[Saved data entries]

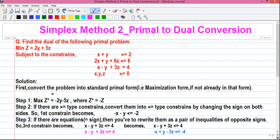First, convert the problem into standard primal form, that is maximization form, if not already in that form. So our problem is a minimization type problem — we have to convert it into an equivalent maximization type problem. That will be our primal problem. Next, from that we will obtain our dual problem.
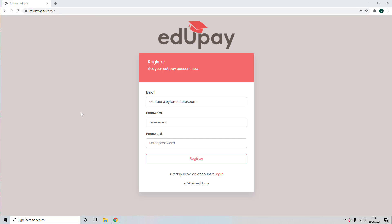Hi everyone and welcome to the EduPay full technical demo. I am Dan Green and I'm going to show you through each and every feature of this incredible software.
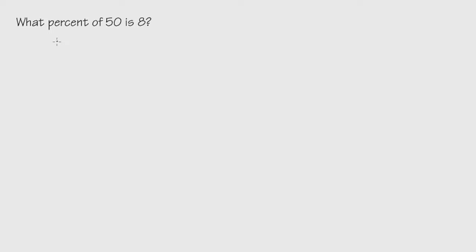Here we are going to figure out what percent of 50 is 8. As we can see, here is the unknown part, and the strategy to solve this kind of question is we'll change the question into an equation and then we'll solve the equation.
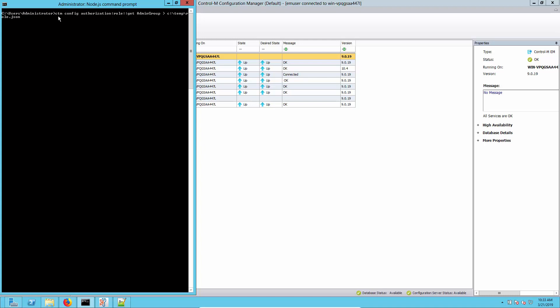We're going to use CTM config authorization role get admin group, which is the name of the admin group, and we're going to put this into a JSON file. Let's go ahead and run that and then we'll take a look at what's inside it.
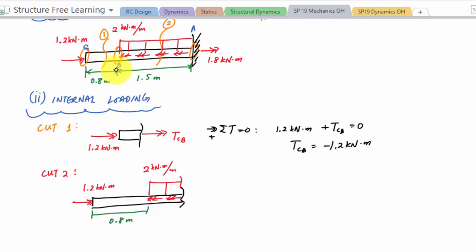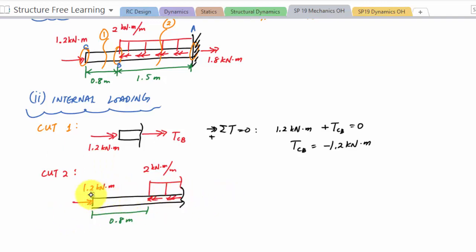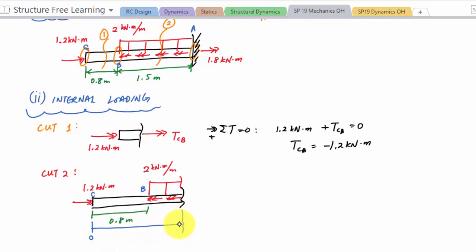For cut two I need a coordinate system, and just like when we did shear-moment functions, the origin should be at a discontinuity. So the origin can be placed at either C or B. Let's put the origin at C, calling that x equals zero, and the position of cut two is x2.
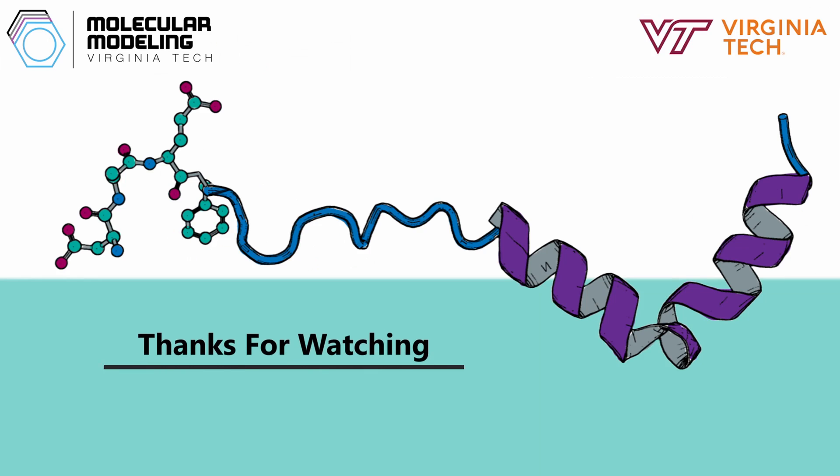That's all for this video. You can check out our playlist of other Chimera X tutorials if you want to learn more. Thanks for watching.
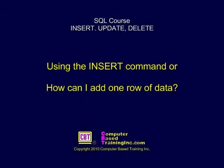Using the INSERT command, or how can I add one row of data?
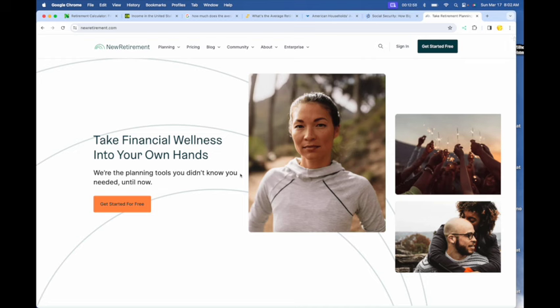So if you want to get deeper into this and try to fine-tune your retirement, check out the free trial at newretirement.com and you can build an entire financial plan in the two-week period they give you and keep it or don't keep it. I keep mine, and that's how I know I'm on track to retire in a few months.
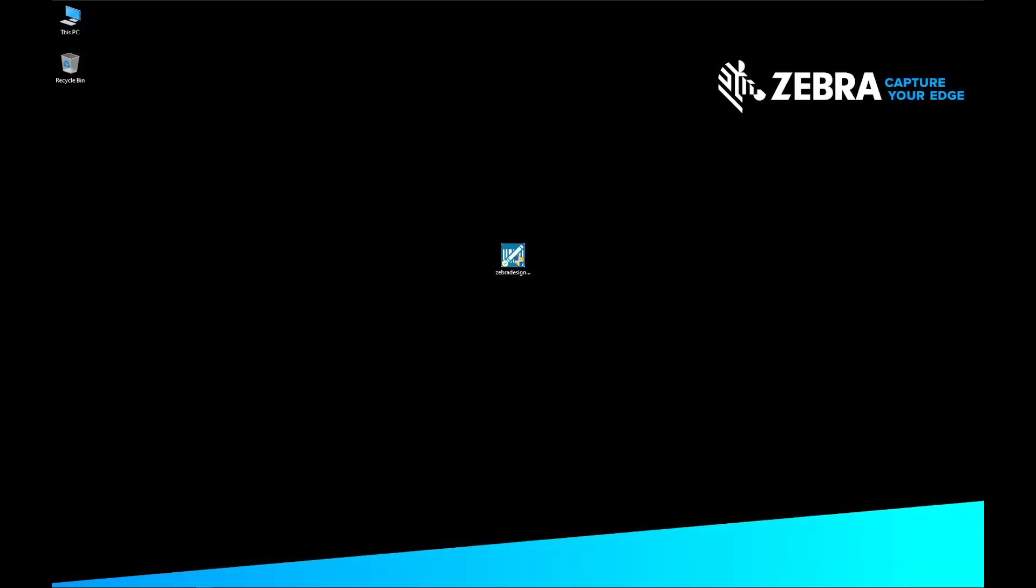On your computer, navigate to the Zebra Designer Installation File that you just downloaded. Double-click on the Zebra Designer Installation File. The Zebra Designer Installation begins.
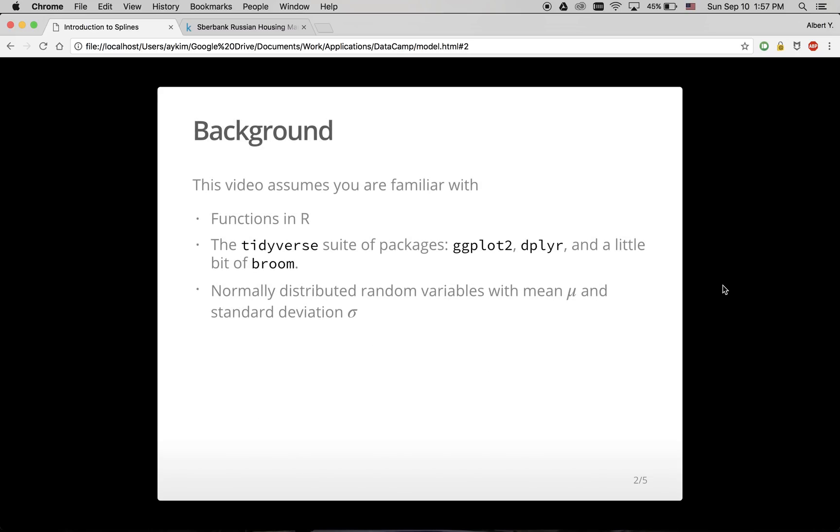A little background. This video assumes you're familiar with functions in R, the tidyverse suite of packages, in particular ggplot2 for data visualization, dplyr for data wrangling, and a little bit of the broom package. And finally, it assumes you're familiar with normally distributed random variables with mean mu and standard deviation sigma.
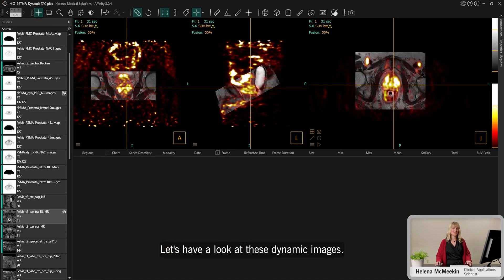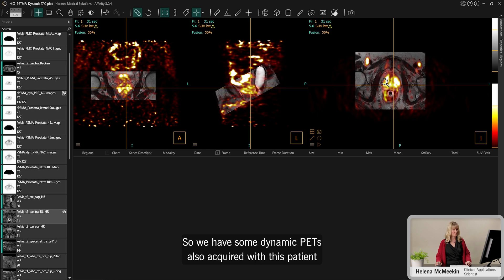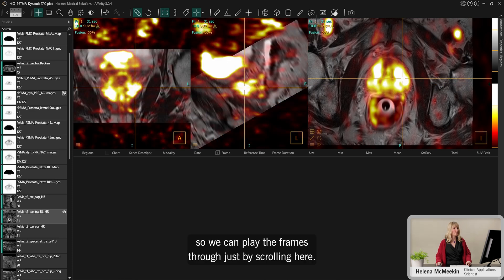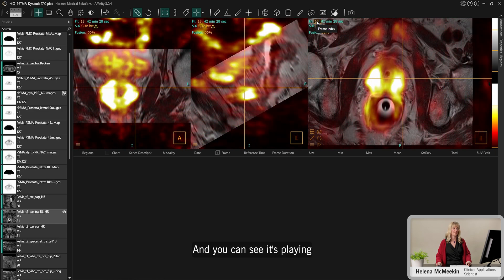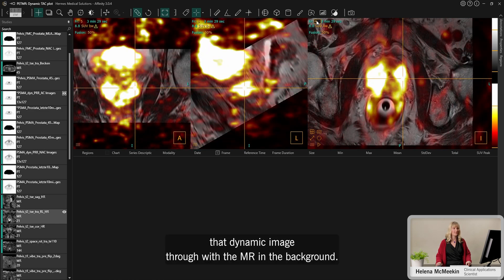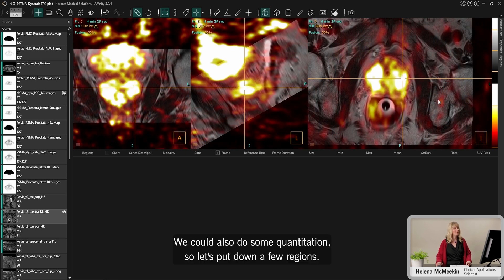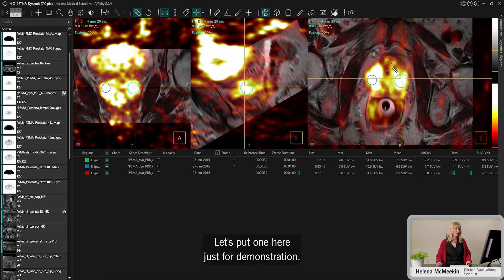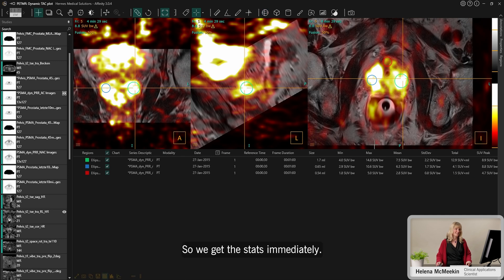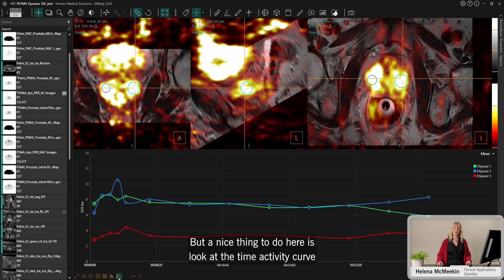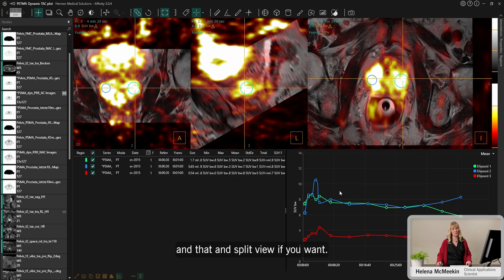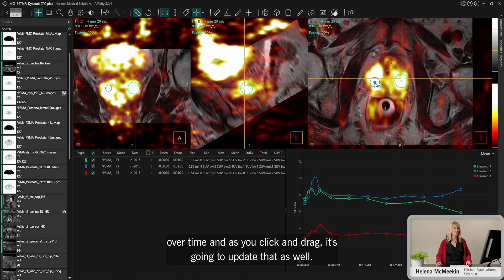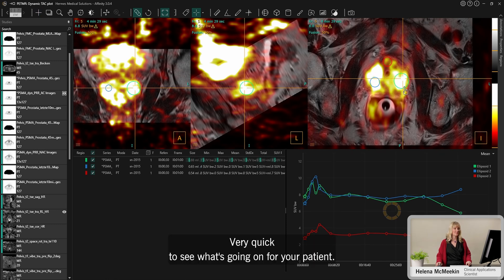We also have dynamic PET images acquired with this patient. Scrolling through the frames plays the dynamic image through with the MR in the background. For quantitation, I place ellipsoid regions on a couple of areas — you get stats immediately — and then view the time activity curve in a split view, showing the change in those regions over time. Clicking and dragging updates the curve in real time.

• _Task to carry out_: Please write every line above out exactly as given, except for any pictures.

• _Your response_:
First, convert the problem into standard primal form, that is maximization form, if not already in that form. So our problem is a minimization type problem — we have to convert it into an equivalent maximization type problem. That will be our primal problem. Next, from that we will obtain our dual problem.
Hi everyone and welcome to the EduPay full technical demo. I am Dan Green and I'm going to show you through each and every feature of this incredible software.
Here we are going to figure out what percent of 50 is 8. As we can see, here is the unknown part, and the strategy to solve this kind of question is we'll change the question into an equation and then we'll solve the equation.
We're going to use CTM config authorization role get admin group, which is the name of the admin group, and we're going to put this into a JSON file. Let's go ahead and run that and then we'll take a look at what's inside it.
For cut two I need a coordinate system, and just like when we did shear-moment functions, the origin should be at a discontinuity. So the origin can be placed at either C or B. Let's put the origin at C, calling that x equals zero, and the position of cut two is x2.
That's all for this video. You can check out our playlist of other Chimera X tutorials if you want to learn more. Thanks for watching.
Using the INSERT command, or how can I add one row of data?
So if you want to get deeper into this and try to fine-tune your retirement, check out the free trial at newretirement.com and you can build an entire financial plan in the two-week period they give you and keep it or don't keep it. I keep mine, and that's how I know I'm on track to retire in a few months.
On your computer, navigate to the Zebra Designer Installation File that you just downloaded. Double-click on the Zebra Designer Installation File. The Zebra Designer Installation begins.
A little background. This video assumes you're familiar with functions in R, the tidyverse suite of packages, in particular ggplot2 for data visualization, dplyr for data wrangling, and a little bit of the broom package. And finally, it assumes you're familiar with normally distributed random variables with mean mu and standard deviation sigma.
We also have dynamic PET images acquired with this patient. Scrolling through the frames plays the dynamic image through with the MR in the background. For quantitation, I place ellipsoid regions on a couple of areas — you get stats immediately — and then view the time activity curve in a split view, showing the change in those regions over time. Clicking and dragging updates the curve in real time.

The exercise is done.